> _Data_
..............................
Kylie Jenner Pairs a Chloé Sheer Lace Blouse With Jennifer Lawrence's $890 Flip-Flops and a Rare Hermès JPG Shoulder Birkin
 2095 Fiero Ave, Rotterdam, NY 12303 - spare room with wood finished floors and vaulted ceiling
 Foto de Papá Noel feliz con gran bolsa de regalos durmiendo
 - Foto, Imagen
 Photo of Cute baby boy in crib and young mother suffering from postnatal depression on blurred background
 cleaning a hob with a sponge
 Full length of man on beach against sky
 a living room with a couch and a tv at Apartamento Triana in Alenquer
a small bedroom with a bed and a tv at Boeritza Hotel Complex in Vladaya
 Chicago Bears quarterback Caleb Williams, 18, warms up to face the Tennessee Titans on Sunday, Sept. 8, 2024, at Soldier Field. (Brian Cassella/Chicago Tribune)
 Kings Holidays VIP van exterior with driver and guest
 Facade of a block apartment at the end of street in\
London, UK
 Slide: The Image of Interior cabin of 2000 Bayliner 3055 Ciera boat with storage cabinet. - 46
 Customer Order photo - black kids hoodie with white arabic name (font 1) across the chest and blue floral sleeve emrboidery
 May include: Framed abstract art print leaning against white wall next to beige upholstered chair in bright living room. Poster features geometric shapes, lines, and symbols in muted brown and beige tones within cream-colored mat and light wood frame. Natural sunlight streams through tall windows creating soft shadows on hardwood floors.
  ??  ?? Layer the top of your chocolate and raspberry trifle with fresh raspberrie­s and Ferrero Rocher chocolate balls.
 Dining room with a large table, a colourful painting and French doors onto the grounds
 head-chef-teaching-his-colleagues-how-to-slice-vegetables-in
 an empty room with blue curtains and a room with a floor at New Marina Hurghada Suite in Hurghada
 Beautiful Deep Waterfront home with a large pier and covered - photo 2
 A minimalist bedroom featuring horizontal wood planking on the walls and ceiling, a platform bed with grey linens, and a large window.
..............................
> _Exercise prompt_
Check the entries above for the word "Foto" and copy every line where it turns up.

> _Result of the task_
 Foto de Papá Noel feliz con gran bolsa de regalos durmiendo
 - Foto, Imagen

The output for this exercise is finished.